AI回答を4人に3人が「信頼する」。2万人規模調査で明らかになった消費者の最新AIリテラシー

リアルとデジタル両面での広告リソースと、経営・マーケティング・営業・DX領域の実行知見を一体化し、 企業の成長と変革(TURN)を実行レベルまで伴走支援するADTANK株式会社(本社:東京都台東区、代表取締役CEO:菅野健一、以下「ADTANK」)は、消費者を対象に「ChatGPTなどのAI検索で出てきた回答の信頼度」に関する大規模調査を実施しました(有効回答約2万件)。

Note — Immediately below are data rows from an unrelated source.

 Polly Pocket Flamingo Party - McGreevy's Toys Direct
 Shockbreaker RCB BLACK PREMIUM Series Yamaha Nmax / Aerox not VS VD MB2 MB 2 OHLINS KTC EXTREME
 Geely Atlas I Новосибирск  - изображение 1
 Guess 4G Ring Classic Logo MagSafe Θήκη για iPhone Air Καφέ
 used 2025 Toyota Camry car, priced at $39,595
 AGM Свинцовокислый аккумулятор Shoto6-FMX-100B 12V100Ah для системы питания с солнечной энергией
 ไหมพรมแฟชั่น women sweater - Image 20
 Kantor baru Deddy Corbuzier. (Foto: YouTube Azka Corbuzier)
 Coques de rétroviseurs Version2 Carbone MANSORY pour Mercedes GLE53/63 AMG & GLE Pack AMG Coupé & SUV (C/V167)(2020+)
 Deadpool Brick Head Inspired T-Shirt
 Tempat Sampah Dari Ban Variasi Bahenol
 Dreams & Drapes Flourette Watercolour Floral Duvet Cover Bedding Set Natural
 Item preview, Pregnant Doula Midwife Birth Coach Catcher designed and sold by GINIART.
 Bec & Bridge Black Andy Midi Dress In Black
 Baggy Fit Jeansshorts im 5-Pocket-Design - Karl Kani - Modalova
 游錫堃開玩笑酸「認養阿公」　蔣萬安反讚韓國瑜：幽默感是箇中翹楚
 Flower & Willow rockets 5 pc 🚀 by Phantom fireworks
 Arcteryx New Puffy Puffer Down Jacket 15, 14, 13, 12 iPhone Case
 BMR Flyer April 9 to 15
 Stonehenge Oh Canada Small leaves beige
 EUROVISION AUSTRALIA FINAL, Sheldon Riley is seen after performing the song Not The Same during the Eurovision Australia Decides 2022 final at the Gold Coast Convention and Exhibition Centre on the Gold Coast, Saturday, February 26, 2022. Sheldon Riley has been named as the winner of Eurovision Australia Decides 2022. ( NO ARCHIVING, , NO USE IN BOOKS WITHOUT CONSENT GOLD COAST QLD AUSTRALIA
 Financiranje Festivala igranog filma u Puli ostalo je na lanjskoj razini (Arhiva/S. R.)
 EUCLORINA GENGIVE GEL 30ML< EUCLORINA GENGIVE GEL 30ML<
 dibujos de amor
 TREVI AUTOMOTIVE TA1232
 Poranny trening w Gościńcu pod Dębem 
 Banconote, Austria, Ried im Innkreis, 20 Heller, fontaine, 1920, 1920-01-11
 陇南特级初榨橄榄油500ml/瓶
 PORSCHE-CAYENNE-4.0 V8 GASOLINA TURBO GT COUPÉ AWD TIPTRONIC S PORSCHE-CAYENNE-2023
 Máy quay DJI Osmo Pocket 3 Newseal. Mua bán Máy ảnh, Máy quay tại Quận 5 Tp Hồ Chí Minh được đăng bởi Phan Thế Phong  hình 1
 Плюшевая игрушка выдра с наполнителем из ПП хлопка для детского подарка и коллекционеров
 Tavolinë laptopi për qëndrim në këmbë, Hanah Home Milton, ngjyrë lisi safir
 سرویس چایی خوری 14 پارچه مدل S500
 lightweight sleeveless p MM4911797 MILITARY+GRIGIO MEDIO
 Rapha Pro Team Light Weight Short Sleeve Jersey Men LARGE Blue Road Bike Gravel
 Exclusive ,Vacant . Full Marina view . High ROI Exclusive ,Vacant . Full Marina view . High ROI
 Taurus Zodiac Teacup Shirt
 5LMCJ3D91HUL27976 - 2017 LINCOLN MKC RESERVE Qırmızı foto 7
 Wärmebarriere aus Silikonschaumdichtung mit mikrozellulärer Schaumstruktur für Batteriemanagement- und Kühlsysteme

その結果、「かなり信頼している」「まあまあ信頼している」を合計した”信頼層”は75%にのぼり、AI回答が一次情報源として広く受容されている実態が明らかになりました。
一方で「そのまま参考にする」と答えた層は8%にとどまり、多くの利用者は”信頼しつつ自分でも調べる”というハイブリッドな情報行動をとっていることもわかりました。

■ 調査背景

ChatGPT、Gemini、Perplexity、Claudeなど、生成AIを用いた”AI検索(AI回答)”は、従来の検索エンジンに代わる新たな情報収集手段として急速に普及しています。Googleも検索結果の最上部にAIによる要約(AI Overviews等)を表示するようになり、消費者が「クリックして比較する」前に、AIが提示する回答に触れる機会が日常化しつつあります。
そこで当社では、実際に消費者がAIの回答をどの程度信頼しているのか、その実情を把握するため本調査を実施しました。

■ 調査結果サマリー

  • ① 4人に3人がAI回答を”信頼”している(75%)
    信頼層が過半数を大きく超え、AI回答が「参考にする情報源」として社会的に定着しつつあることが示されました。
  • ② ただし「鵜呑み」は8%にとどまる
    「そのまま参考にする」とした層は8%。多くは「信頼はするが、自分でも調べる」という慎重な姿勢を併せ持っていることがわかります。
  • ③ “完全な不信”はわずか4%
    「全く信頼していない」は4%にとどまり、AI回答に対する忌避感は小さいことが明らかに。消費者にとってAIは”使いこなす対象”へとフェーズが移ったことがうかがえます。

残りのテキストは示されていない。